Wednesday, December 30, 2009

Will "The Body" Doederlein



I do not know how to write this blog. In every way, my words defeat me.


I watched men put my best friend's body in the back of a truck on Christmas. I watched his kids scream, his wife fall apart, his mother in hysterics, his father nearly collapse. He was my brother in every way. I slept beside his 10 foot long, skinny bed most of high school. I called him "The Body" on this blog.

Right this moment I cannot even breathe. Every corner of my house, my neighborhood, my heart holds his ghost. I walk by the wash tub and there is his deep hand soap hanging in a zip lock bag he was so particular about. I look at my garage and I see him laying under a car covered in grease determined to fix it. I pick up my guitar and I see him standing behind me playing the bass, singing back-up. We both looked up to each other. He refused to move away from Michigan for a better job, just because he refused to move away from me. I loved him for that. My wife loved him for that. Now she is juggling grief for me and grief for the loss of her friend Will too. My kids loved their uncle will. The below picture is when Caeden broke his femur and wanted so bad to jump on the trampoline with the rest of the kids. His uncle Will scooped him up and held him and jumped for him. He saw beauty in kids he did not see in this world...he had the heart of Jesus.

We could speak to each other in looks alone, there were no need for words. Last Saturday his look told me he was going away, but he said nothing. He said goodbye in his own way, telling me he called just to hear my voice. The next day he hung himself by the neck. I have no idea how to say goodbye. He is part of me and I am deflated and empty.
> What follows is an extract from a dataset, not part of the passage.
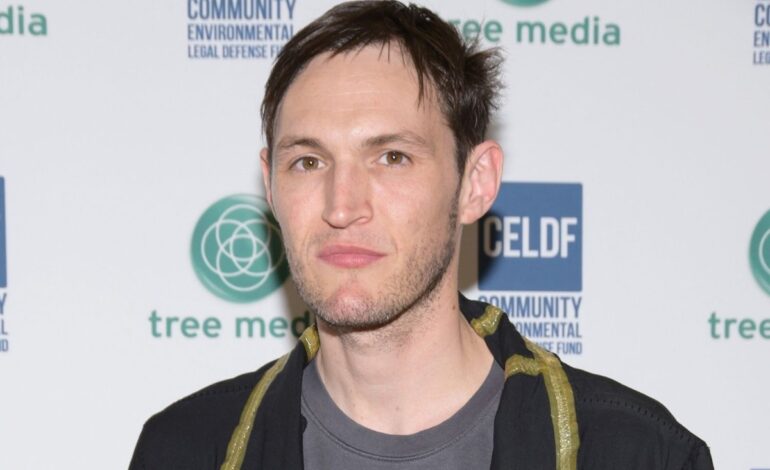 Ex-Chili Peppers Guitarist Sidesteps Jail in Fatal Crash Plea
Just before I tried to kill myself, I drank until I would pass out every night. Will worked the night shift and would come over every day after work and pick me up off the floor and help me to my bed. He would sit in the recliner until I was sleeping or he would sleep at my house in that chair like a watch dog, guarding me from myself. Will was selfless, though most can only shout about how selfish he was. And he was. He didn't see it that way though. He saw himself without hope of life and needed to leave to allow his family and friends to be happy. Oh my God, he could not have made a bigger mistake. But as my pastor said through tears at his funeral. Nothing we can do is more powerful than the cross. I believe Heaven gets him now, and he can smile again.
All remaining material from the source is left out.